5. The method of claim 1,
wherein the second data set comprises side effect grade data between first drugs collected from a first source and side effect grade data between second drugs from a second source,
wherein the side effect grade data between the first drugs and the side effect grade data between the second drugs indicate the same class with different expressions, and
wherein the different expressions indicating the same class are normalized through the preprocessing.
6. The method of claim 1,
wherein the third data set comprises a first sentence expressing a type of a side effect of a first pair of drugs and a second sentence expressing a type of a side effect of a second pair of drugs,
wherein each of the first sentence and the second sentence comprises an expression indicating at least one type,
wherein the first sentence and the second sentence comprise different expressions indicating the type of the same meaning, and
wherein the different expressions indicating the type of the same meaning are replaced with a single term through the preprocessing.
7. The method of claim 1,
wherein the second data set comprises an item including side effect grade information of a pair of drugs combined in order of a first drug and a second drug, and
wherein the preprocessed second data set is processed to further include side effect grade information of the pair of drugs combined in order of the second drug and the first drug by giving the directionality.
8. The method of claim 1,
wherein the third data set comprises an item including side effect type information of a pair of drugs combined in order of a first drug and a second drug, and
wherein the preprocessed third data set is processed to further include side effect type information of the pair of drugs combined in order of the second drug and the first drug by giving the directionality.

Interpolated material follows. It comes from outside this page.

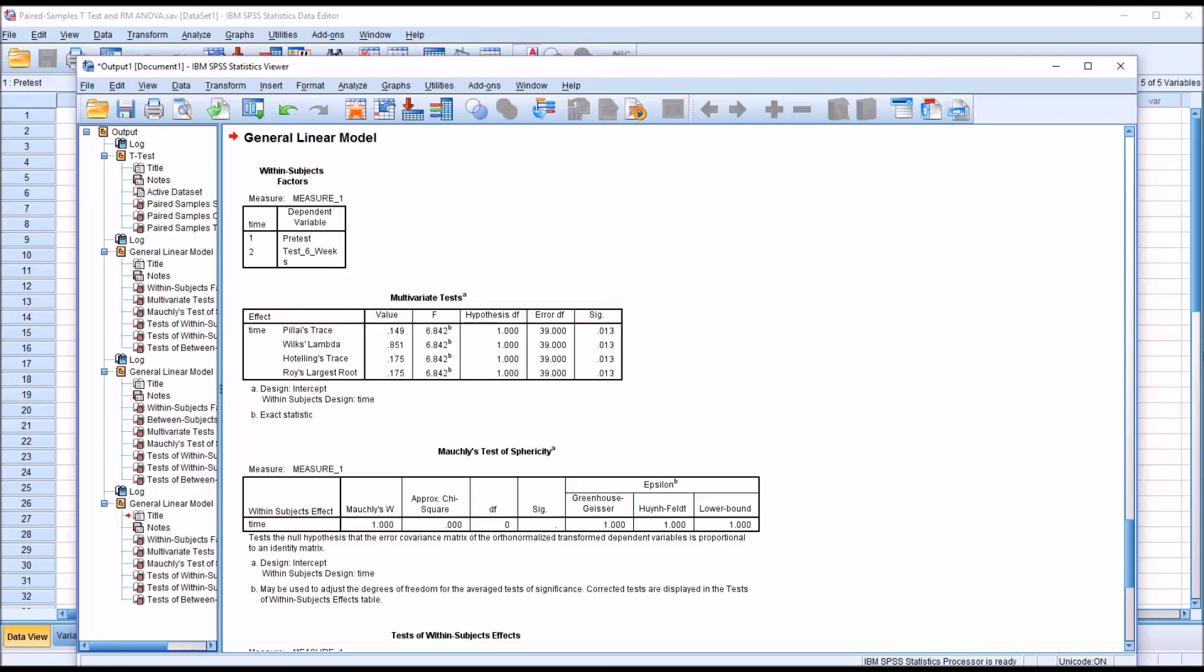I hope you found this video on comparing the paired samples t-test and the Repeated Measures ANOVA to be useful. As always, if you have any questions or concerns, feel free to contact me. I'll be happy to assist you.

9. The method of claim 1, wherein the at least one artificial intelligence model comprises a first artificial intelligence model of multiple input and a single output predicting the side effect grade and a second artificial intelligence model of multiple input and multiple output predicting the side effect type.
10. The method of claim 1, further comprising transmitting data indicating a grade and type of a side effect between the pair of drugs to another device.
11. A device for analyzing drug-drug interaction (DDI), the device comprising:
a memory configured to store at least one artificial intelligence model; and
a processor connected to the memory,
wherein the processor is configured to:
acquire a first data set for chemical structures of drugs, a second data set for a grade of a side effect between the drugs and a third data set for a type of a side effect between the drugs, as data sets for training;
generate detailed attribute information of each of the drugs, by preprocessing the first data set;
normalizing a class included in the second data set and giving directionality, by preprocessing the second data set;
extract expressions representing a side effect type included in the third data set, normalizing the expressions and giving directionality to the third data set, by preprocessing the third data set;
learn the at least one artificial intelligence model using the preprocessed first data set, the preprocessed second data set and the preprocessed third data set; and
determine the grade and type of the side effect of a pair of drugs from information on the pair of drugs using the at least one artificial intelligence model.